* _Provided material_
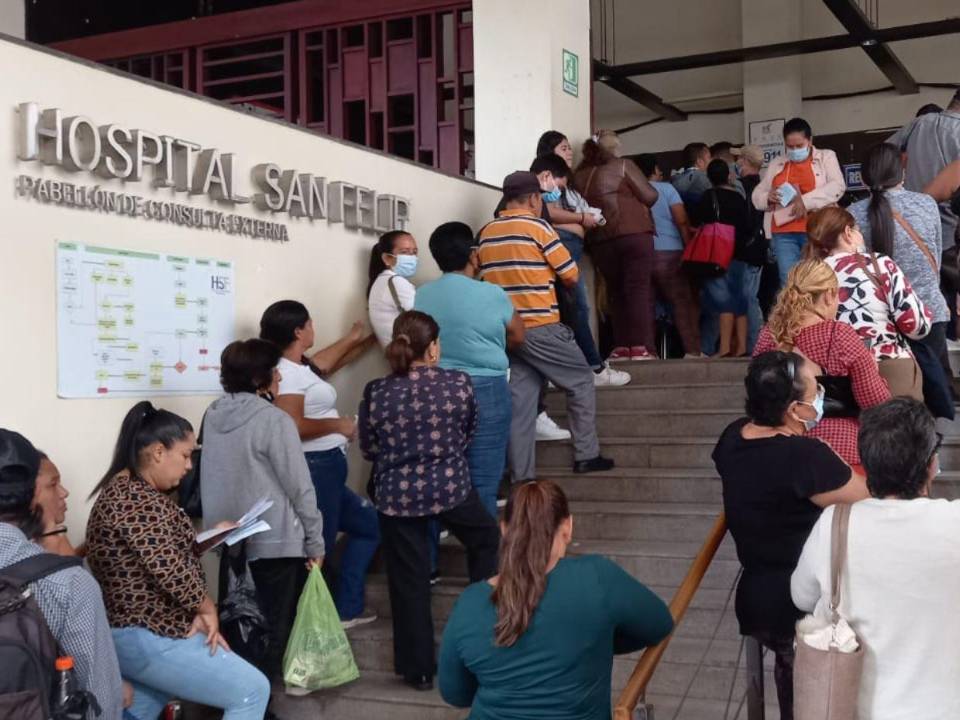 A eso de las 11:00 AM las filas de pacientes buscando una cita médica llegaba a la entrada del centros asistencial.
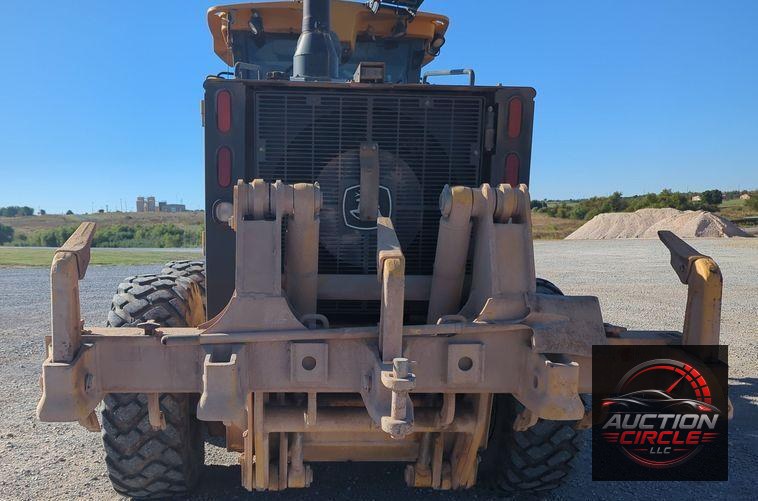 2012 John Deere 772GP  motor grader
* * *
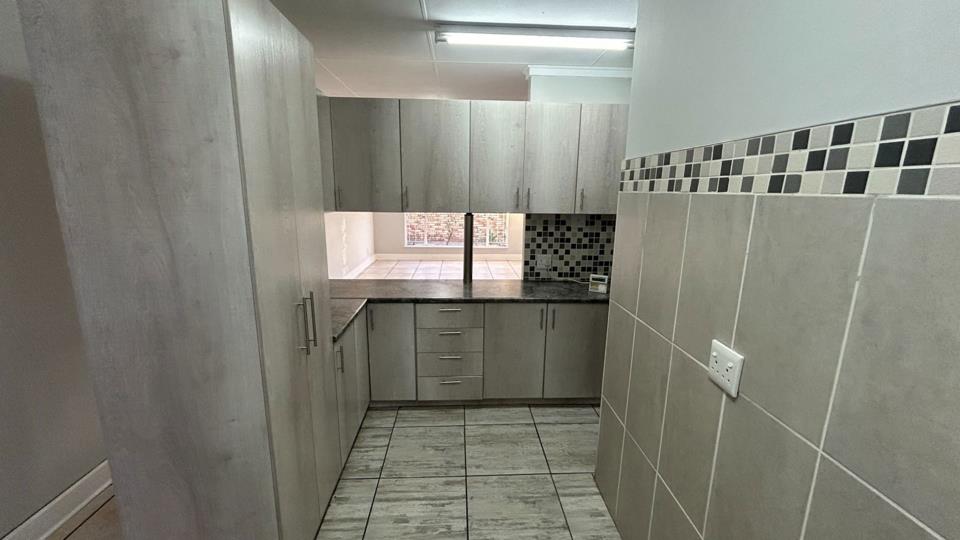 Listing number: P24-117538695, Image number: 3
...
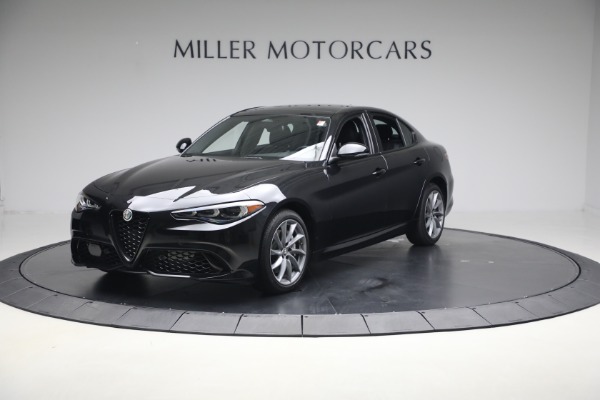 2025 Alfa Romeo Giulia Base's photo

* _Exercise brief_
The reply should hold the entries above from the line with "A eso de las" to the line with "2012 John Deere", duplicated exactly, pictures excluded.

* _Solution_
 A eso de las 11:00 AM las filas de pacientes buscando una cita médica llegaba a la entrada del centros asistencial.
 2012 John Deere 772GP  motor grader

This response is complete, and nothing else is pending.